• _Work instructions_:
Nothing beyond the line containing "Regionale producten uit" is to be printed; print exactly each line from the start of the records below through that line, leaving out pictures.

"""

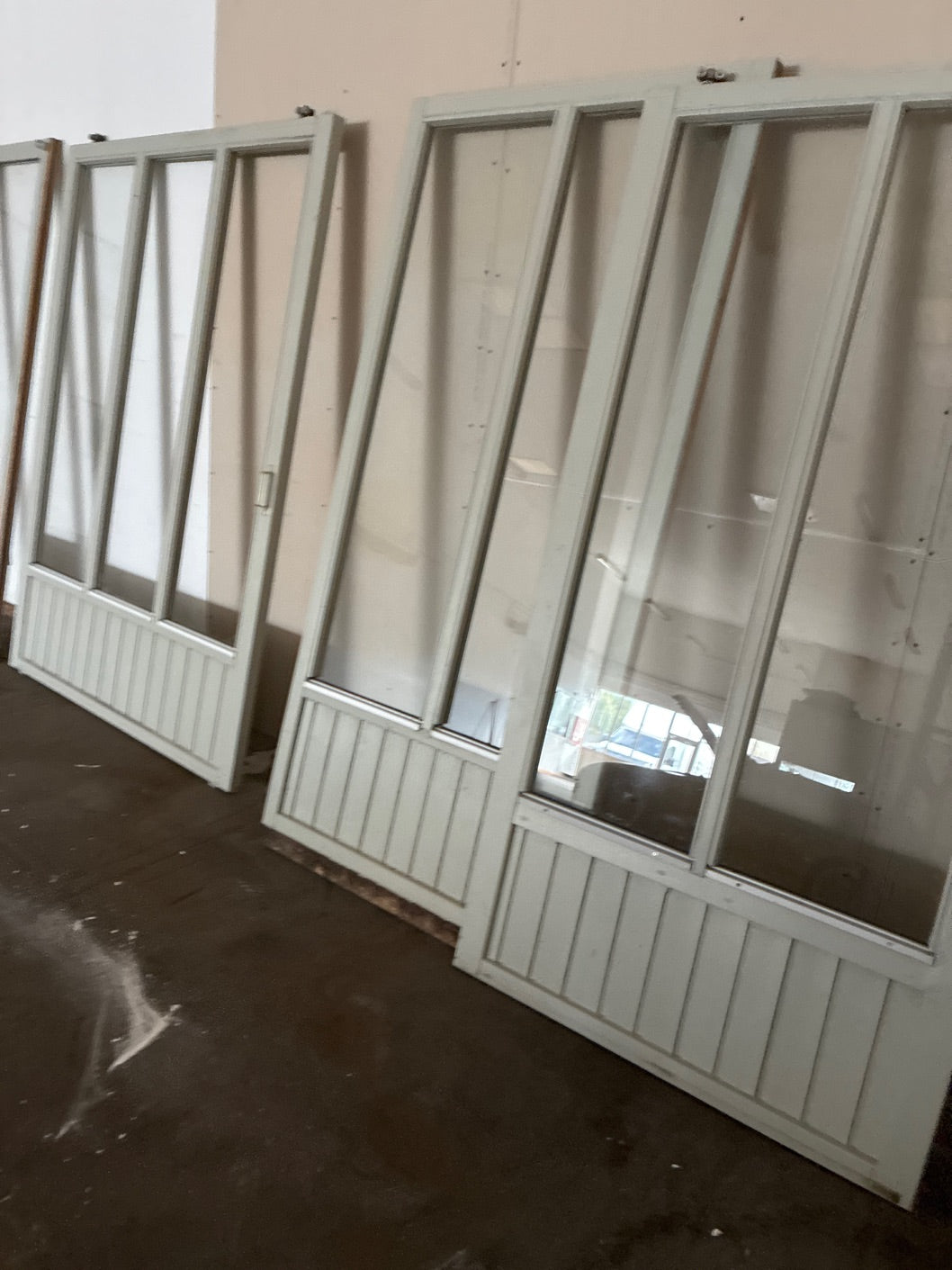 Udestue flere sektioner med glas
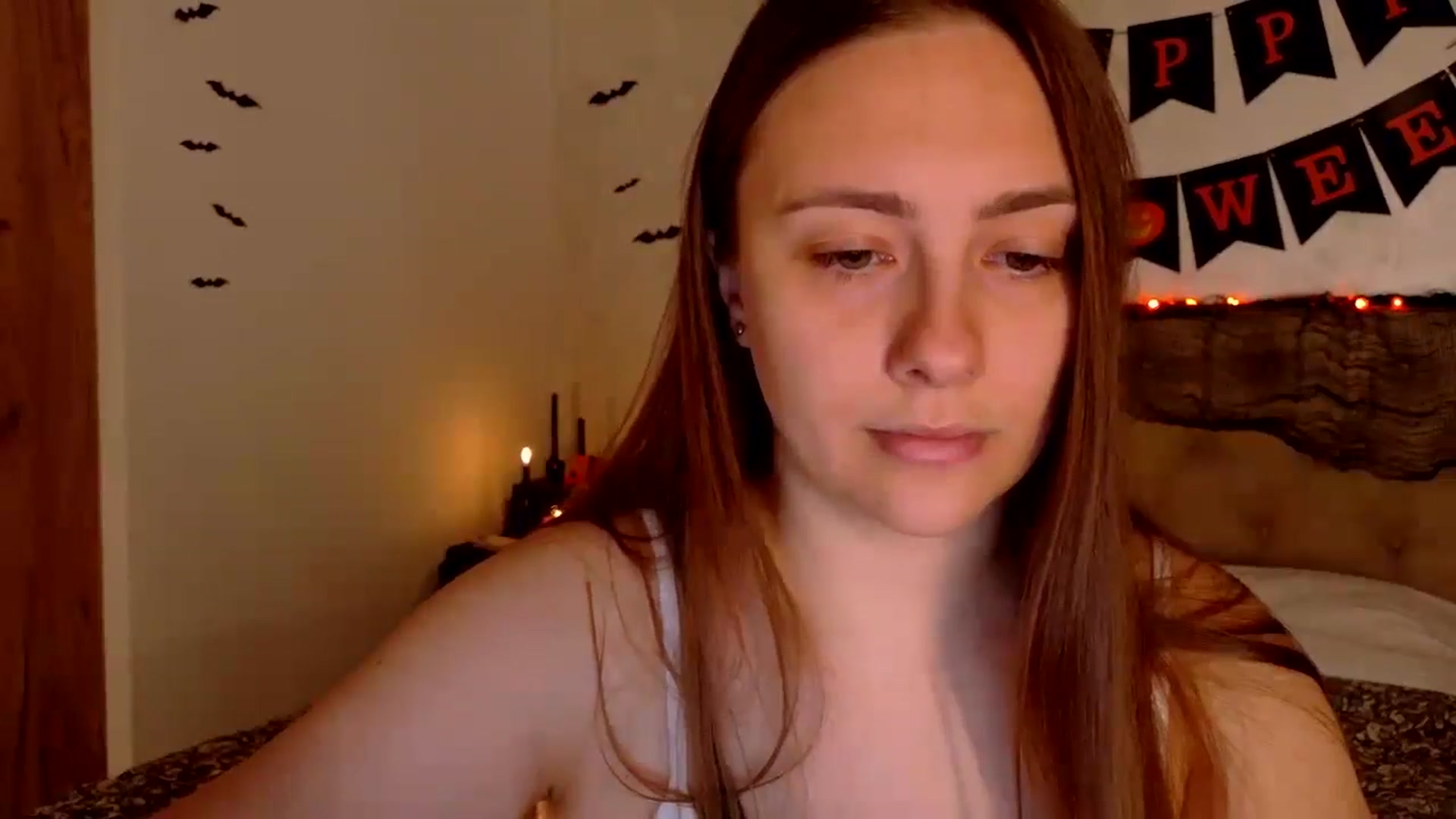 Gallery image thumbnail from QueenOfTease_'s myfreecams stream on, 10/15/2025, 06:43 image 15 of 20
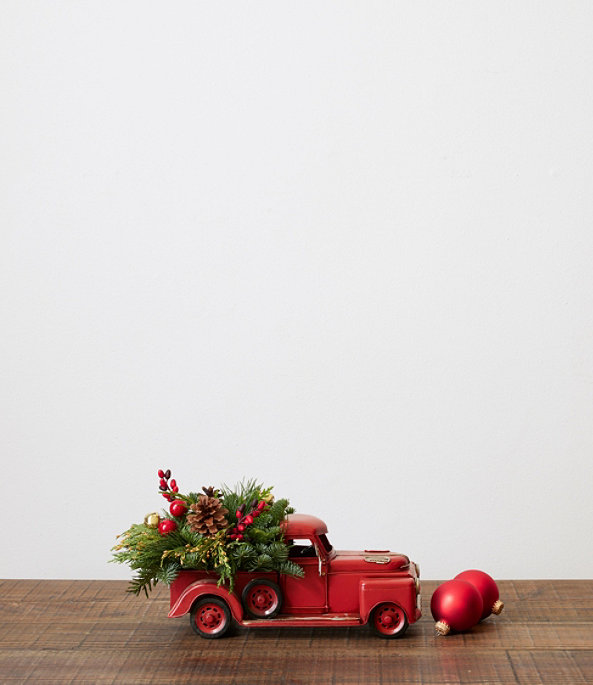 Red Truck Centerpiece, One Color, largeimage number 0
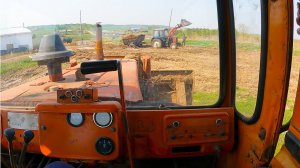 ПЕРВЫЙ рабочий день на ДТ-75. Прохожу курс молодого бойца!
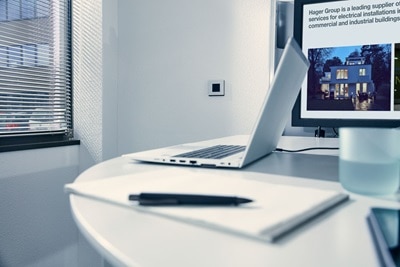 dator och penna på bord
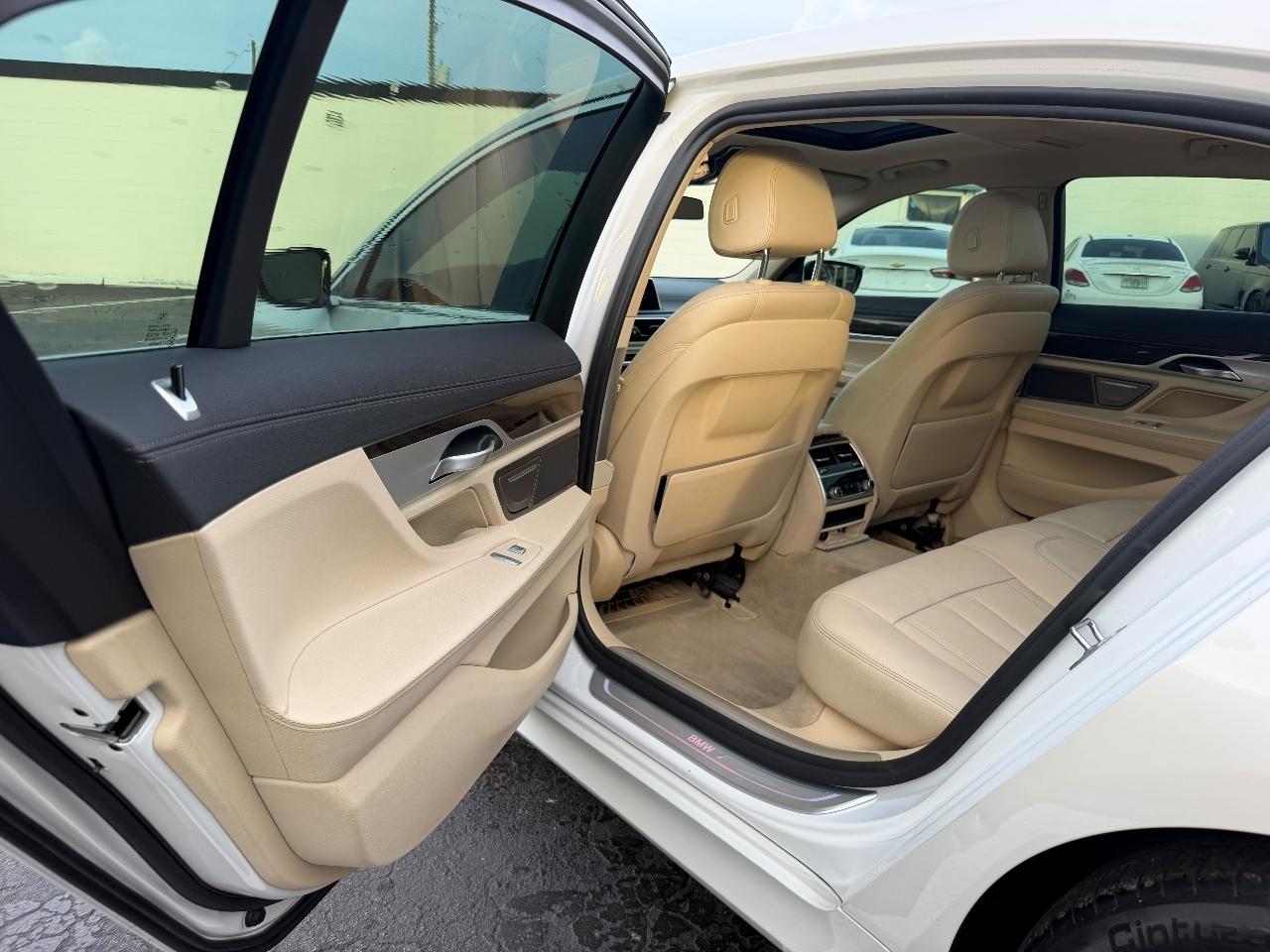 BMW 7-Series 740i 2019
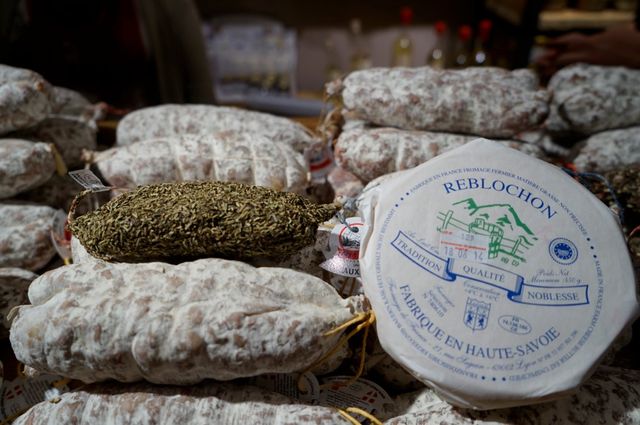 Regionale producten uit de Savoie met natuurlijk Reblochon kaas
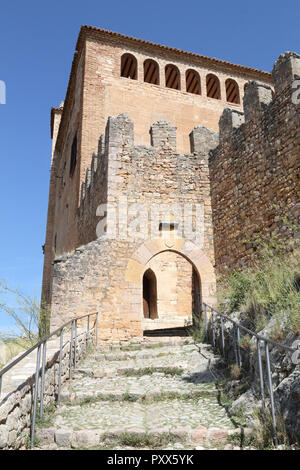 Die Treppe Eingang des Romanischen Colegiata de Santa Maria la Mayor Burg und Abtei während eines Sommers in Alquezar, Region Aragón, Spanien. Stockfoto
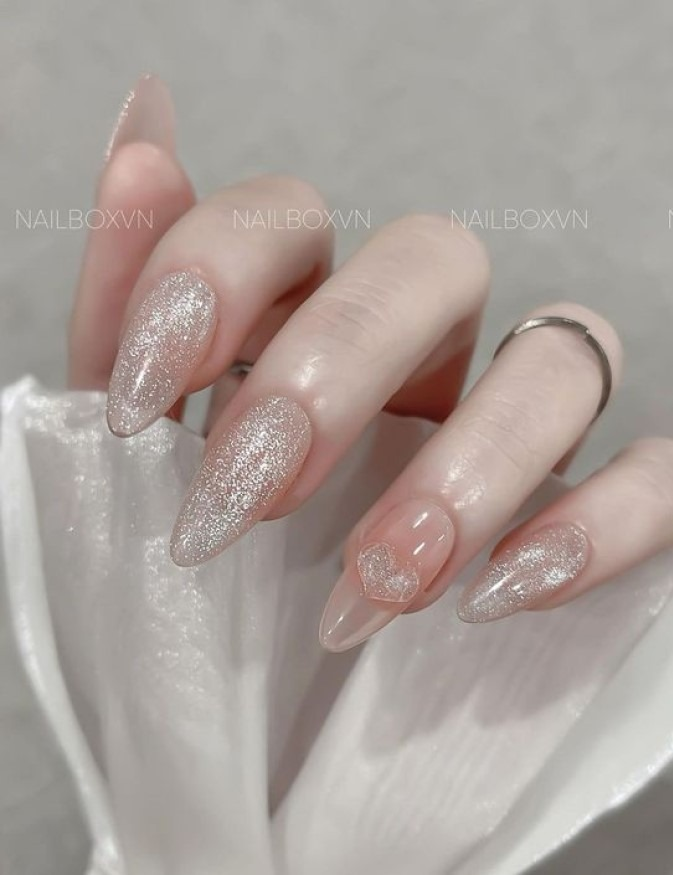 Nails móng tròn kim tuyến lấp lánh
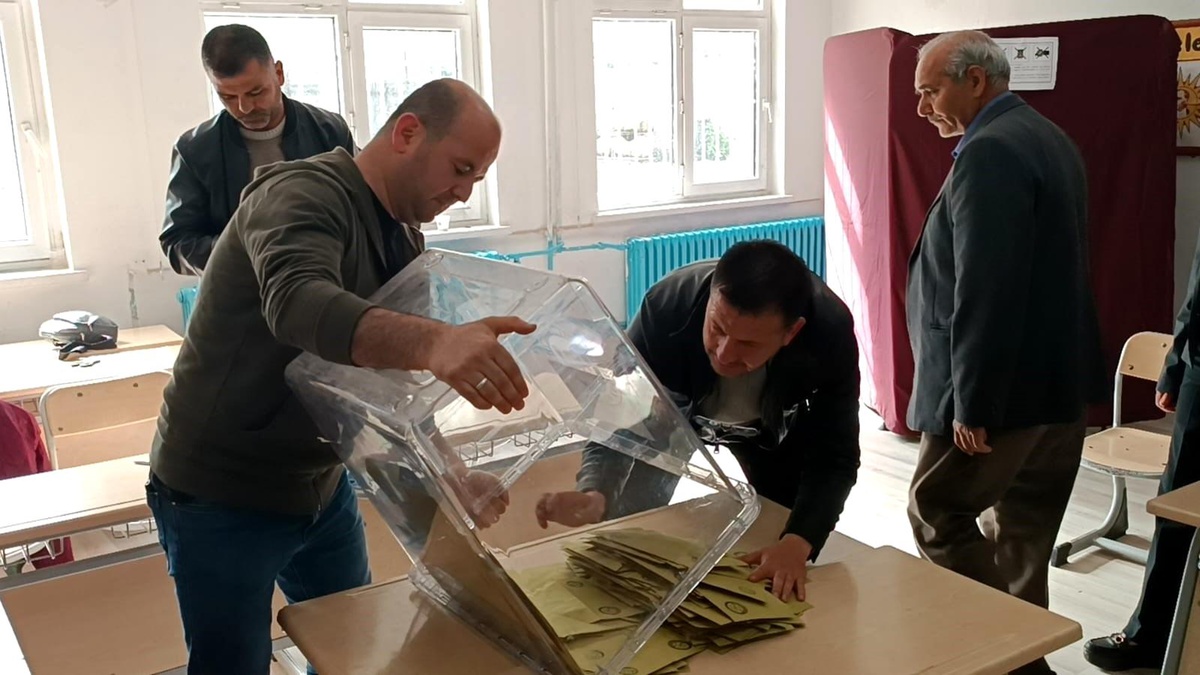 Denizli\'de oy sayım işlemleri sürüyor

"""

• _Task solution_:
 Udestue flere sektioner med glas
 Gallery image thumbnail from QueenOfTease_'s myfreecams stream on, 10/15/2025, 06:43 image 15 of 20
 Red Truck Centerpiece, One Color, largeimage number 0
 ПЕРВЫЙ рабочий день на ДТ-75. Прохожу курс молодого бойца!
 dator och penna på bord
 BMW 7-Series 740i 2019
 Regionale producten uit de Savoie met natuurlijk Reblochon kaas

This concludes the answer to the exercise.